AVAILABLE DATA ▸
________________

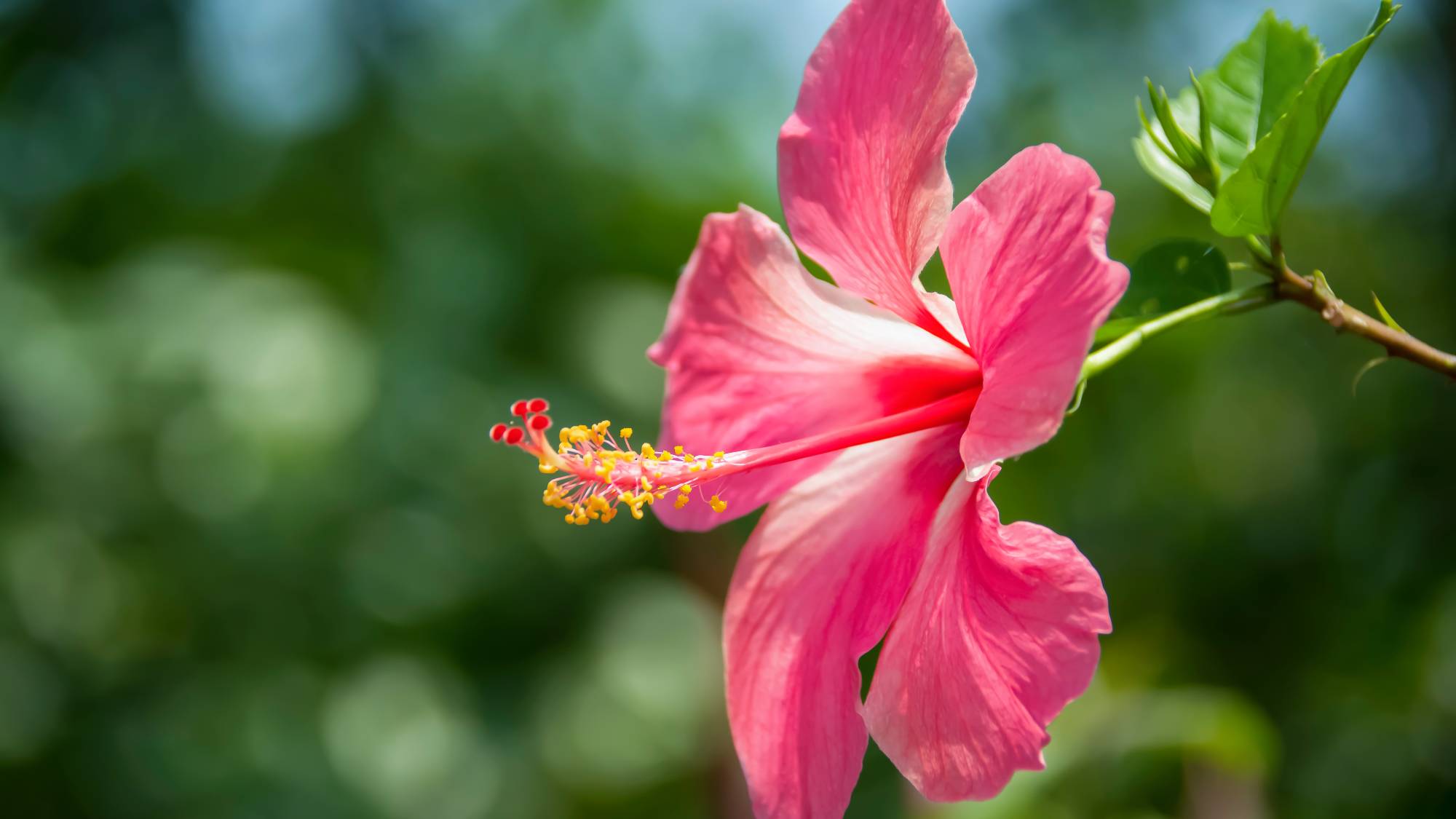 Pink hibiscus flower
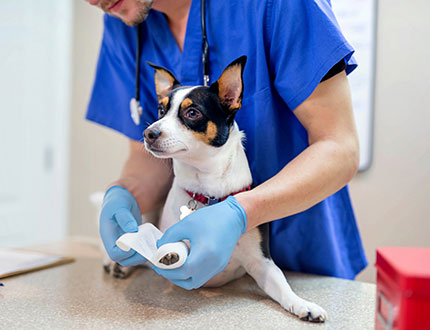 Beyond Vet Visits: Uncovering the Unexpected Uses of Nitrile Gloves in Pet Care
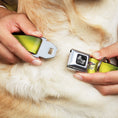 Load image into Gallery viewer, Dog Bone Seatbelt Buckle Collar - BD Psychedelic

________________

Copy out the lines above unchanged. Skip the images.

 Pink hibiscus flower
 Beyond Vet Visits: Uncovering the Unexpected Uses of Nitrile Gloves in Pet Care
 Load image into Gallery viewer, Dog Bone Seatbelt Buckle Collar - BD Psychedelic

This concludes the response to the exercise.